Negli ultimi anni, i pilastri del sistema hanno ceduto. La stretta dell’Inps ha ridotto i braccianti disoccupati a 1.200 e i relativi assegni da 8 a 2 milioni l’anno. E l’escalation delle truffe sui contributi ai produttori ha messo in allarme l’Ue. Nel 2004 otto persone finirono in galera per aver riscosso 600 mila euro di contributi illeciti: dei 250 camion di agrumi dichiarati ne erano partiti solo 12. Due anni fa, altri 45 arresti per un affare di 18 milioni di euro. Gli 11 milioni di chili di arance certificati? Mai esistiti. E le spremute d’arancia? Mai viste né bevute. Due anni fa sono cambiate le regole.
Oggi i rimborsi arrivano a forfAit: 1500 euro a ettaro a prescindere dalla produzione. Oltre alle «arance di carta», sono sparite cooperative, associazioni di produttori, magazzini e aziende di trasformazione. Ma contemporaneamente è crollato il prezzo di vendita degli agrumi: gli incassi non coprono più le spese, dunque oggi i contadini lasciano le arance sugli alberi. Rosarno, che fino a due anni fa aveva bisogno nei campi di 1.800 immigrati clandestini, oggi ne richiede solo alcune centinaia.
E bulgari e romeni, cittadini europei, sono più appetibili degli africani: se li assumi in nero, rischi multe più lievi. Così i mille neri degli accampamenti sono rimasti senza lavoro. Nei ghetti cresceva la tensione. Fuori, l’insofferenza per una comunità non più «funzionale» al sistema. È bastata una miccia per innescare l’esplosione. Ma una volta espulsi i neri, Rosarno non ha risolto i suoi problemi. Chi ha un posto pubblico, una pensione o un sussidio di disoccupazione se la passa sempre bene. I piccoli proprietari arrancano.
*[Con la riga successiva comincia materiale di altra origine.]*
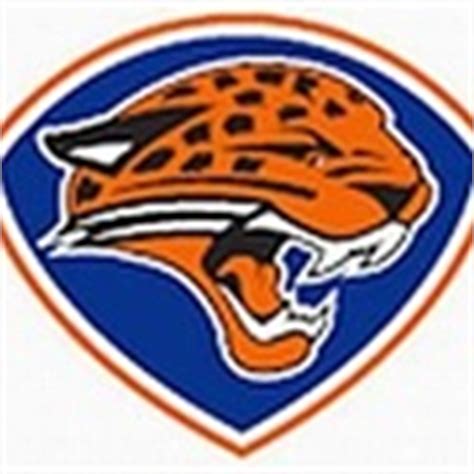 Kimball High School Jaguars Football - Hudl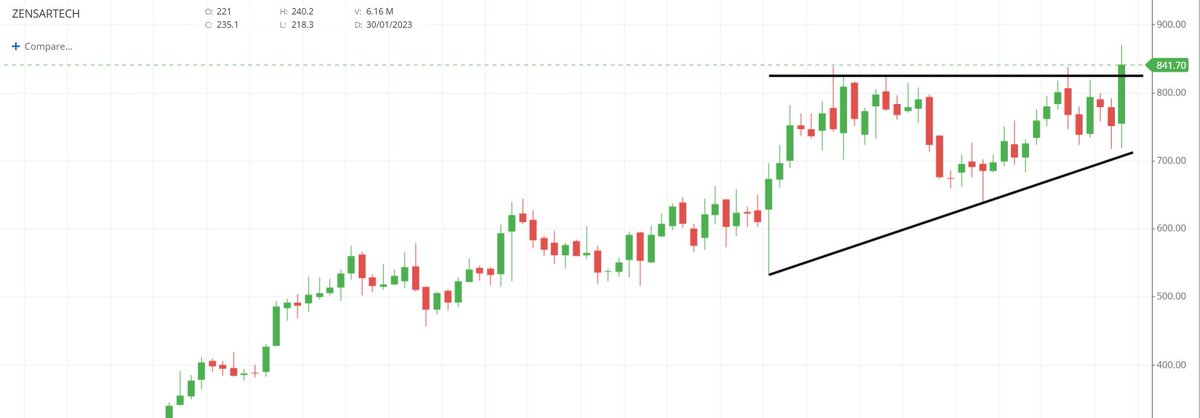 traderashishraj's tweet image. #ZENSARTECH 

Trading at ATH
Breakout of ascending triangle pattern

Posted strong Q3 result
FII + DII Buying

👉Ready to move towards 1000-1150
👉View invalid below 700 on WCB

#BreakoutStock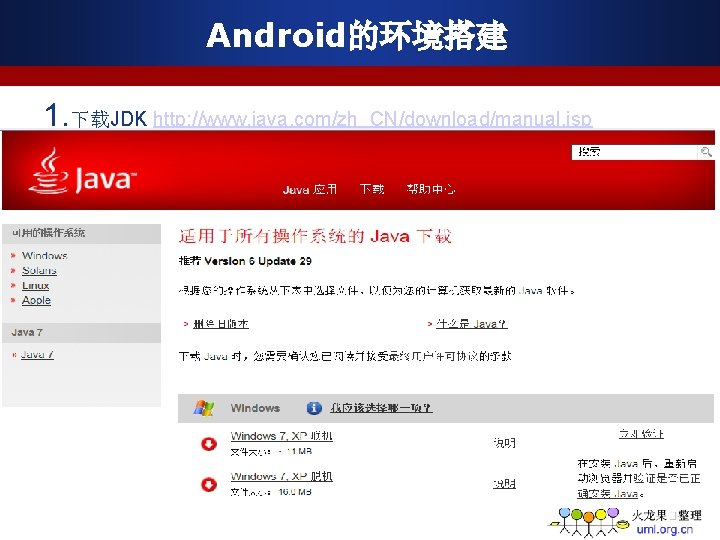 Android的环境搭建 1. 下载JDK http: //www. java. com/zh_CN/download/manual. jsp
E i giovani fuggono: duemila solo negli ultimi anni, l’80 per cento delle nuove generazioni. Rosarno, da oggi, dovrà occuparsi di altri migranti. I suoi. E’ stato convalidato dal gip di Palmi l’arresto dei tre abitanti di Rosarno accusati di avere aggredito alcuni immigrati. Il provvedimento coinvolge anche Antonio Bellocco, figlio di un esponente di spicco della ‘ndrangheta, accusato di aver preso parte alle violenze.